IronOcr Performance: High Peak Memory During Bulk OCR Processing

Overview

Running OCR over many PDF segments at once multiplies memory use: each task renders full-page bitmaps through an OcrInput, and creating a fresh IronTesseract engine per segment reloads the language model files into memory every time. At full processor concurrency this drove peak memory into the multi-GB range with spikes that fail in memory-limited environments. Capping concurrency, pooling engines, and gating tasks with a semaphore keeps the number of in-flight OCR jobs — and their memory — bounded.


Cause

OCR is memory-heavy. Each OcrInput renders full-page bitmaps, and each IronTesseract engine loads language model files. Creating a new engine per segment reloaded those models repeatedly, and running one OCR task per CPU core (Environment.ProcessorCount) let many bitmap-heavy jobs run simultaneously. With nothing limiting how many tasks were active, peak memory scaled with concurrency.


Solution

  1. Recommended — Cap OCR concurrency. Clamp the number of simultaneous OCR tasks to a small ceiling. Each task renders full-page bitmaps, so fewer concurrent tasks directly lower peak memory. Tune the ceiling to the machine's capability.
    // Clamp concurrency to avoid memory saturation and CPU over-subscription.

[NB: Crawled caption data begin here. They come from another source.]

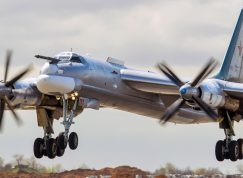 Tupolev Tu-95MS při vzletu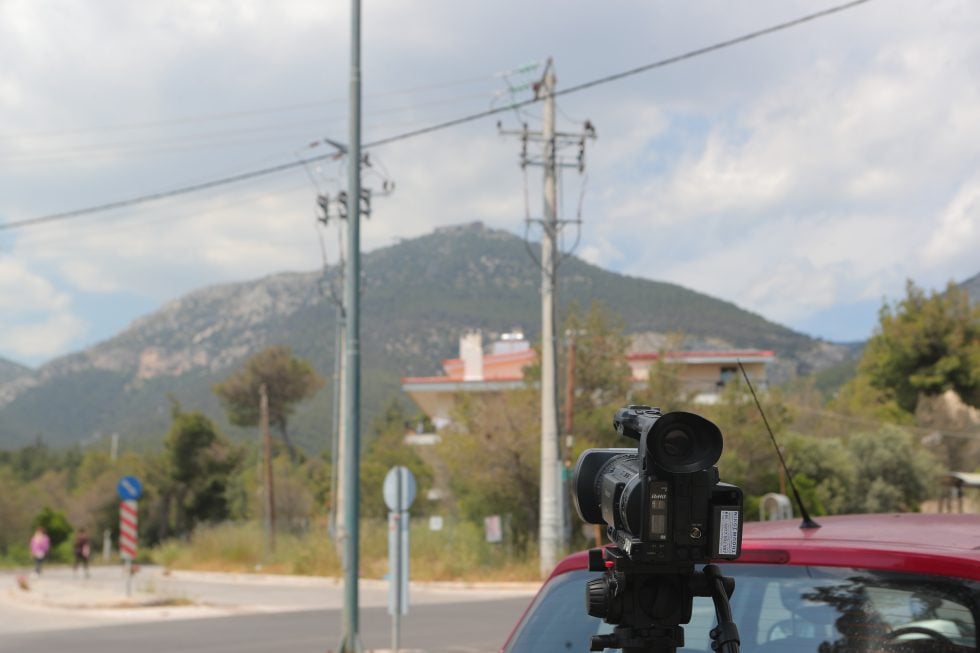 Φωτιά στην Πάρνηθα: Πού στρέφονται οι έρευνες για τα αίτια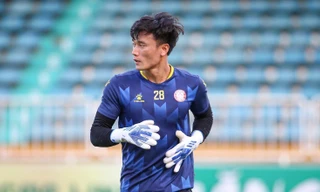 Thủ môn Bùi Tiến Dũng mượn thơ người khác tặng vợ đang mang bầu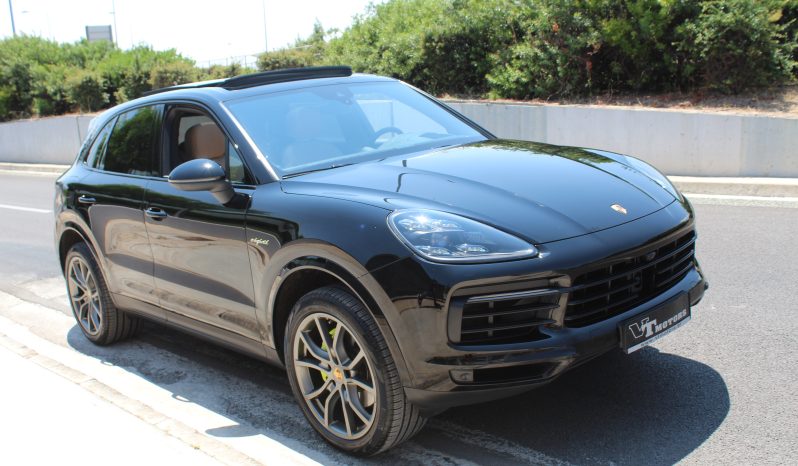 PORSCHE CAYENNE E-HYBRID 3.0 462HP PASM PANORAMA HEAD UP MATRIX 21” full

    int concurrency = Math.Clamp(Environment.ProcessorCount / 2, 1, 4);
  2. Pool IronTesseract engines. Create exactly one engine per concurrent slot at startup and reuse them across all segments, instead of constructing a new engine per segment and reloading the language model each time.
    // Pre-create one engine per concurrent slot and reuse them across segments. 

    var enginePool = new ConcurrentBag<IronTesseract>(
        Enumerable.Range(0, concurrency).Select(_ => new IronTesseract())
    );
  3. Gate work with a SemaphoreSlim. Initialize the semaphore to the concurrency limit and wrap it in using. Each task calls WaitAsync() before it starts and Release() in a finally, so only the allowed number of segments are ever in flight at once. 
    using var semaphore = new SemaphoreSlim(concurrency);
    await semaphore.WaitAsync();

    try
    {
      // Rent a pre-loaded engine from the pool.
      if (!enginePool.TryTake(out var ocr))
            ocr = new IronTesseract(); // Defensive fallback; should never be reached.

      try
      {
          using var input = new OcrInput();
          input.LoadPdf(segmentStream); // page-range segment produced upstream
          var ocrResult = await ocr.ReadAsync(input);
            ocrResult.SaveAsSearchablePdf(outputPath);

      }
        finally

      {
          enginePool.Add(ocr); // Return engine to pool for the next waiting segment.
      }
    }
    finally

    {
      semaphore.Release();
    }

     

  4. Dispose OcrInput per segment. Wrap it in using so its rendered page bitmaps are released as soon as the segment is read, before the next task takes the slot.